The SOC interval division legend of Fig. 8 EMB.

Fig. 9 electrical generator charges to the EMB#1 that SOC is lower.

Figure 10 electrical generator charges to the EMB#2 that SOC is lower.

Figure 11 electrical generator charges to EMB#1 and EMB#2 simultaneously.

Figure 12 drive motor charges to the EMB#1 that SOC is lower.

Figure 13 drive motor charges to the EMB#2 that SOC is lower.

Figure 14 drive motor charges to EMB#1 and EMB#2 simultaneously

Figure 15 drive motor charges to the EMB#1 that SOC is lower, and electrical generator charges to the EMB#2 that SOC is higher.

Figure 16 drive motor charges to the EMB#2 that SOC is lower, and electrical generator charges to the EMB#1 that SOC is higher.

The EMB#1 that Figure 17 SOC is higher exports energy to drive motor.

The EMB#2 that Figure 18 SOC is higher exports energy to drive motor.

The EMB#1 that Figure 19 SOC is higher exports energy to drive motor, and electrical generator charges to the EMB#2 that SOC is lower.

The EMB#2 that Figure 20 SOC is higher exports energy to drive motor, and electrical generator charges to the EMB#1 that SOC is lower.

Figure 21 EMB#1 and EMB#2 exports energy to drive motor simultaneously.

The higher EMB#1 of Figure 22 SOC is to power battery charging.

The higher EMB#2 of Figure 23 SOC is to power battery charging.

The higher EMB#1 of Figure 24 SOC is to power battery charging, and electrical generator is to the lower EMB#2 charging of SOC.

The higher EMB#2 of Figure 25 SOC is to power battery charging, and electrical generator is to the lower EMB#1 charging of SOC.

The higher EMB#1 of Figure 26 SOC is to power battery charging, and drive motor is to the lower EMB#2 charging of SOC.

The higher EMB#2 of Figure 27 SOC is to power battery charging, and drive motor is to the lower EMB#1 charging of SOC.

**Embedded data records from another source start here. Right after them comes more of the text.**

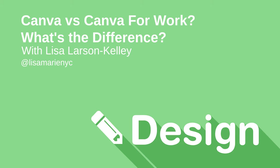Hi again, I am Lisa Larson Kelley, a teacher, speaker, and the founder of LearnFromLisa.com.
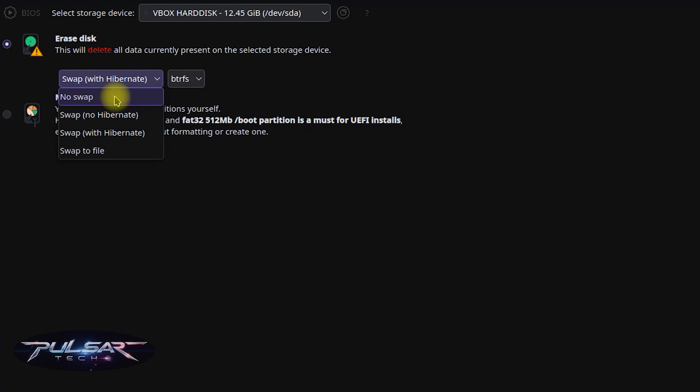The second option, swap no hibernate, creates a swap partition but it's not large enough to allow hibernation. Swap with hibernate creates a swap partition large enough to store the system's RAM content, enabling hibernation.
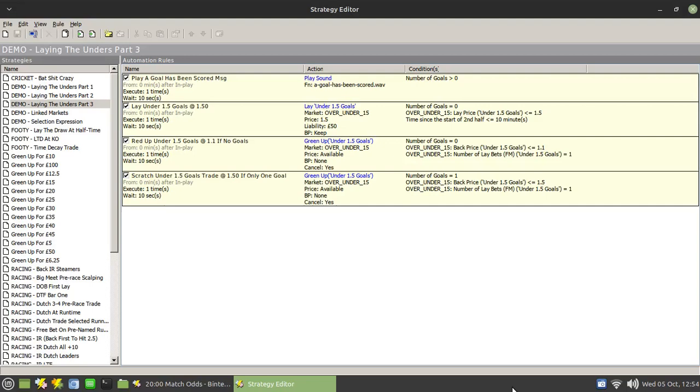Hi there, it's your favorite not-a-football trader here with the final part of the laying the unders series I've been doing over the past week or so. Just to quickly recap, we're looking at a strategy that predominantly targets the over-unders 1.5 market.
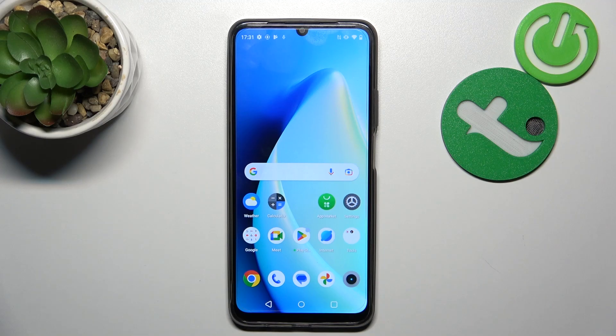Hello, in front of me I've got Realme C51. In this video I'll show you how to access File Manager.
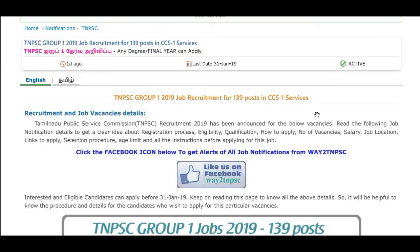Hi, Hello Friends! Welcome to M-TAC Channel. We will talk about TNPSC Group 1 — how do you apply for eligibility. If you want to subscribe to our channel, subscribe, click on the bell icon. We will talk about new updates.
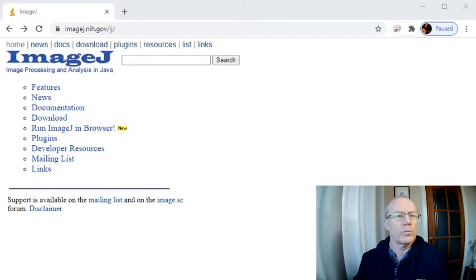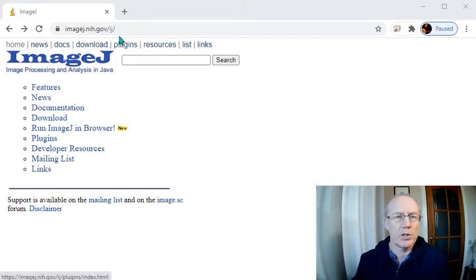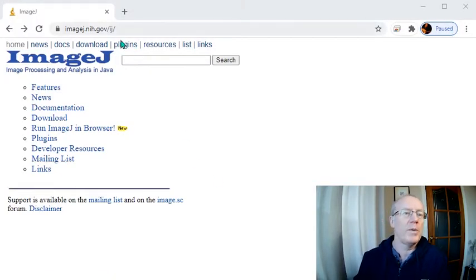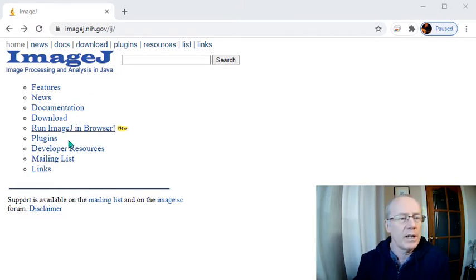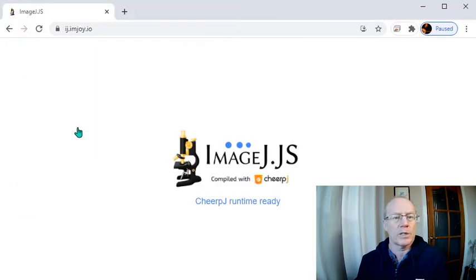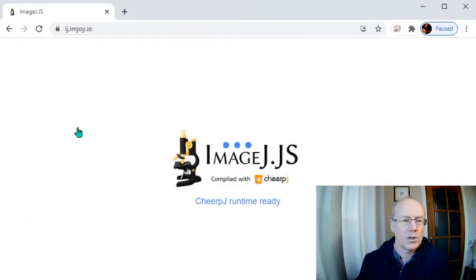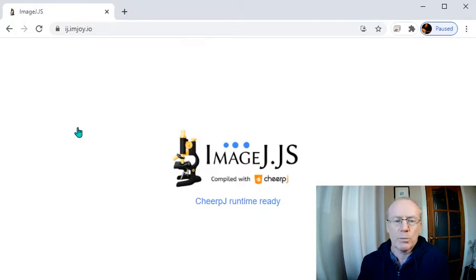All right, we begin by going to the ImageJ homepage. Just do a search for ImageJ and you'll find run ImageJ in a browser. It should load up pretty quickly.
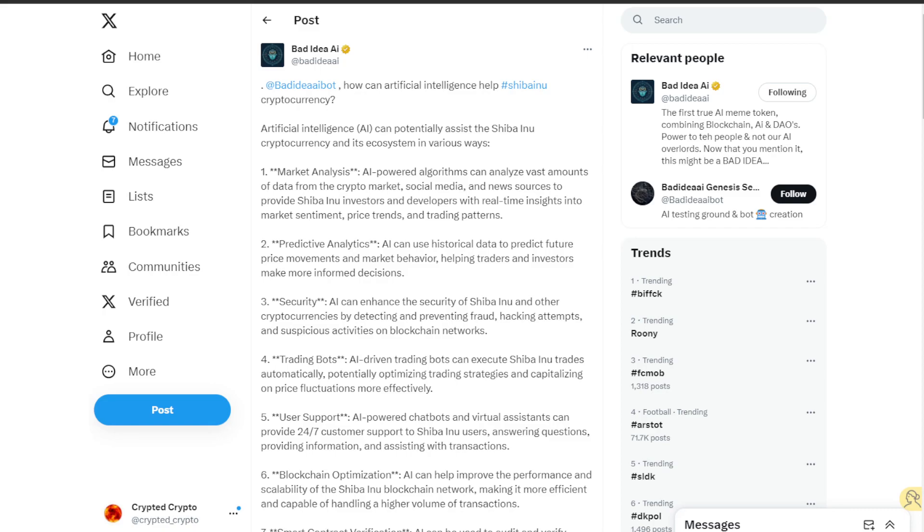The third is security. AI can enhance the security of Shiba Inu and other cryptocurrencies by detecting and preventing fraud, hacking attempts, and suspicious activities on blockchain networks.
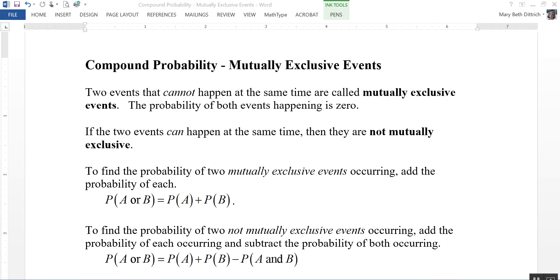This video is on compound probability with mutually exclusive events. Two events that cannot happen at the same time are called mutually exclusive events. The probability of both events happening is zero. If the two events can happen at the same time, then they are not mutually exclusive.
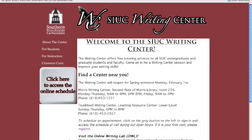Hi, my name is Kelsey and I'm a tutor at the SIUC Writing Center. I'll be giving you a quick tour today of the Online Writing Lab, which offers the Writing Center services in an online format.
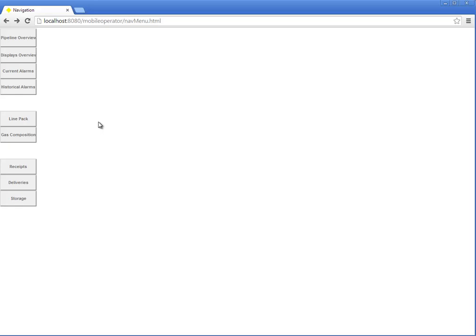I hope this helps. It's a quick review of our gas pipeline demo as experienced through the HTML5 web server mobile operator interface. Take care and have a great day.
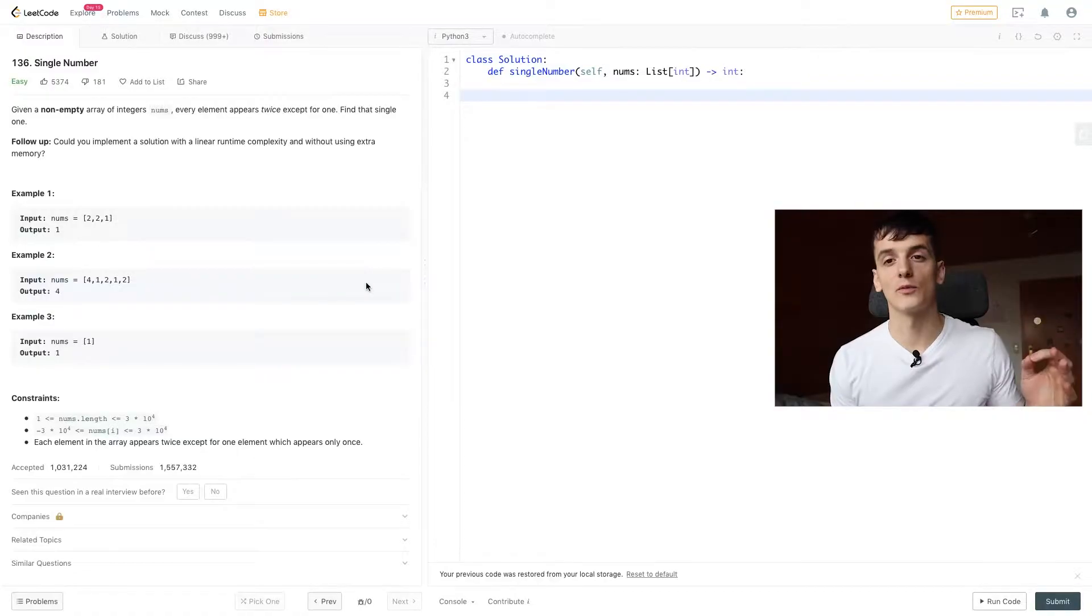What's up YouTube, today we're going to take a look at LeetCode problem number 136, single number, marked as easy. Let's get into it.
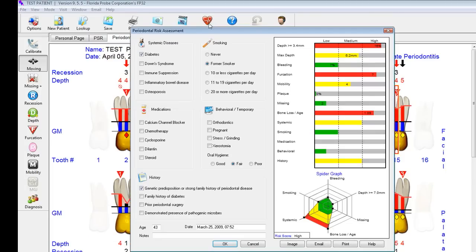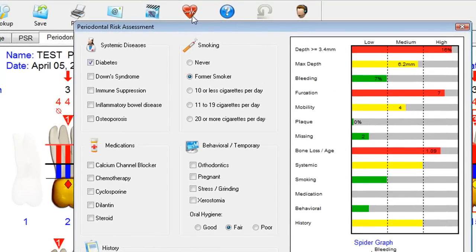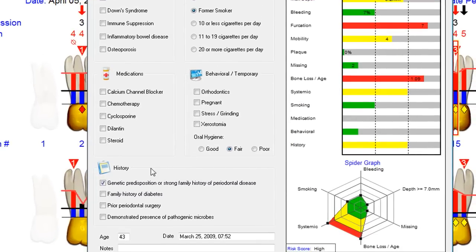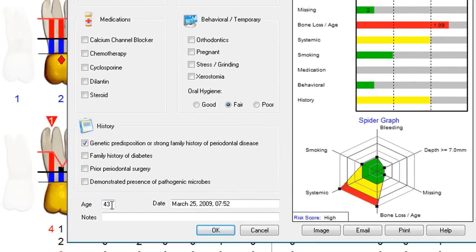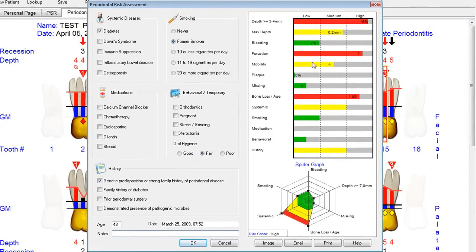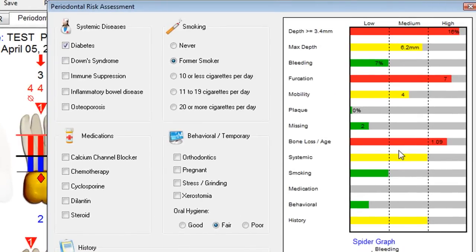Risk assessment is included and is an integral part of the software. It allows you, in a 15 to 30-second questionnaire with the patient, to identify areas of concern that include systemic diseases, smoking, medications, behavioral and temporary issues, as well as history. Age is automatically calculated from the date of birth on the personal page, and the date is automatically calculated from the computer. You can add additional notes such as CRP levels, BANA testing, and other things you're doing in the office.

The EMB#1 that Figure 28 SOC is higher exports energy to drive motor, and the lower EMB#2 of SOC is to power battery charging.

The EMB#2 that Figure 29 SOC is higher exports energy to drive motor, and the lower EMB#2 of SOC is to power battery charging.

Figure 30 EMB#1 and EMB#2 is simultaneously to power battery charging.

Wherein: 1, high-speed bearing 2, vacuum chamber 3, rotor flywheel 4, stator winding 5, permanent magnet/rotor windings

Detailed description of the invention

By reference to the accompanying drawings the utility model is explained in further detail.

Compared to the passive charge-discharge characteristic of other batteries, in the utility model, the using value of EMB is embodied in:

(1) initiative of EMB charge and discharge

By amplitude and the frequency of control EMB stator field, EMB can be switched charge and discharge mode on one's own initiative fast by demand, on one's own initiative energy is absorbed and discharge, on one's own initiative adjusting energy absorb and release speed (power); The energy stored as EMB is E _xtime, EMB is according to a certain fixed demand power P _xwhen continuing to export energy to outside, time length t _dmeet expression formula: t _d=E _x/ P _x, work as P _xfor timing, EMB outwards exports energy; Work as P _xfor time negative, EMB absorbs energy from the external world, as Fig. 3, EMB mode of operation can on two symmetrical hyperbolas fast transfer between any two points, be therefore applicable to very much providing in short-term to vehicle, high-performance energy to be to meet dynamic property demand.

(2) overcharging resisting, excessively exoergic power are strong

The energy carrier of EMB is the rotor flywheel rotated, compared to the inner complicated electrochemical transformation of energy of chemical cell, its conversion process of energy simple, intuitive more, the SOC minimum value of EMB is 0%, be defined as the state that rotor Speed of Reaction Wheels is zero, this is chemical cell institute out of reach; SOC be 100% situation be the energy storage state of EMB when being operated in rated speed of rotation.Because EMB inherits the structure of motor, therefore there is the ability exceeding rated speed of rotation work, under the condition that, the bearing working limit enough at rotor flywheel mechanical strength allows, the overload capacity of EMB just equals it and overcharges ability, and therefore the SOC maxim of EMB can more than 100%.Such as under the overload situations of 10%, EMB can store the energy of 21% more, and it overcharges ability and has some idea of.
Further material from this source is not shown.